→ WHAT YOU HAVE TO DO
Below are records that contain pictures; transcribe the text exactly and omit the pictures.
TASK INPUT START
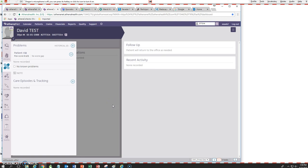Hi, this is Dr. Saab. Today I'd like to show you a couple of templates that I created for our diabetic patients to keep track of them.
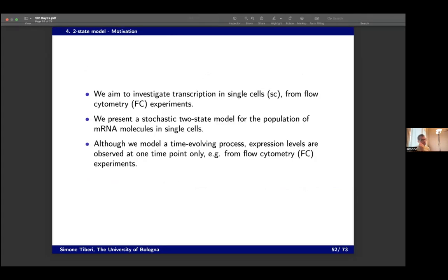Finally, I'll show a project in systems biology where we study mRNA abundances. This is still fluorescent data, but statistically different: we don't have a time series — technically we have a process evolving over time, but we only observe it at one time point, just a snapshot. It's a bit like omics data.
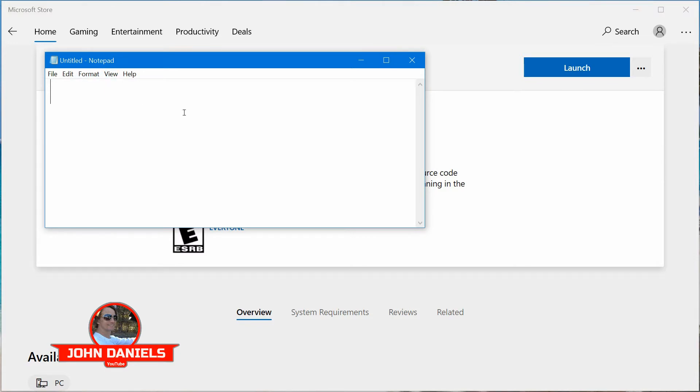There are programs that you can download from different sites that will keep any window on top, but you've got to be careful about downloading software from third-party sites. You might install a virus at the same time.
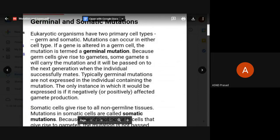Next, germinal and somatic mutations. In eukaryotic organisms, we have two types of cells: germ cells and somatic cells. Germ cells are gametic cells — egg cells and sperm cells. Somatic cells are all other cells. Mutations occurring in somatic cells are called somatic mutations, while mutations in germ cells are called germinal mutations.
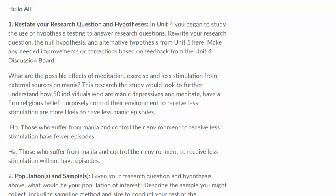Here's another example where it talks about manic episodes. What are the possible effects of meditation, exercise, and less stimulation from external sources on mania? So we've identified a different problem — we have a bunch of patients that suffer from mania and they have a certain number of manic episodes. We'd want to give that a number, so we'd say the average number of manic episodes that an average patient suffers in a month is 10, or whatever it is.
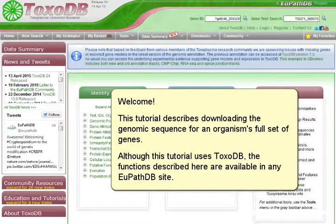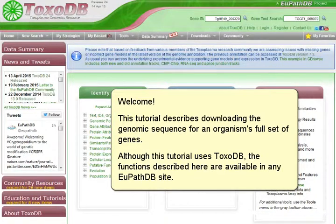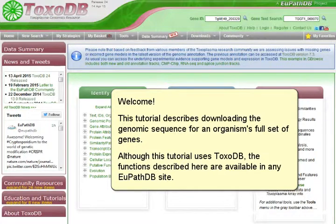Welcome. This tutorial describes downloading the genomic sequence for an organism's full set of genes. Although this tutorial uses ToxoDB, the functions described here are available on any VEuPathDB site.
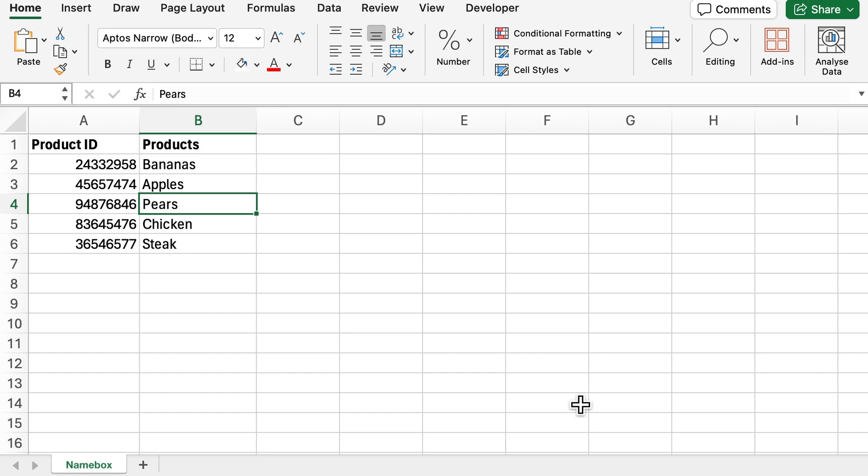Hello and welcome back to another video. Today we're going to be looking into how you can use the name box in Excel. The name box allows you the ability to select multiple cells at one go.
TASK INPUT END
→ SOLUTION
Hi, this is Dr. Saab. Today I'd like to show you a couple of templates that I created for our diabetic patients to keep track of them.
Finally, I'll show a project in systems biology where we study mRNA abundances. This is still fluorescent data, but statistically different: we don't have a time series — technically we have a process evolving over time, but we only observe it at one time point, just a snapshot. It's a bit like omics data.
There are programs that you can download from different sites that will keep any window on top, but you've got to be careful about downloading software from third-party sites. You might install a virus at the same time.
Next, germinal and somatic mutations. In eukaryotic organisms, we have two types of cells: germ cells and somatic cells. Germ cells are gametic cells — egg cells and sperm cells. Somatic cells are all other cells. Mutations occurring in somatic cells are called somatic mutations, while mutations in germ cells are called germinal mutations.
Here's another example where it talks about manic episodes. What are the possible effects of meditation, exercise, and less stimulation from external sources on mania? So we've identified a different problem — we have a bunch of patients that suffer from mania and they have a certain number of manic episodes. We'd want to give that a number, so we'd say the average number of manic episodes that an average patient suffers in a month is 10, or whatever it is.
Welcome. This tutorial describes downloading the genomic sequence for an organism's full set of genes. Although this tutorial uses ToxoDB, the functions described here are available on any VEuPathDB site.
Hello and welcome back to another video. Today we're going to be looking into how you can use the name box in Excel. The name box allows you the ability to select multiple cells at one go.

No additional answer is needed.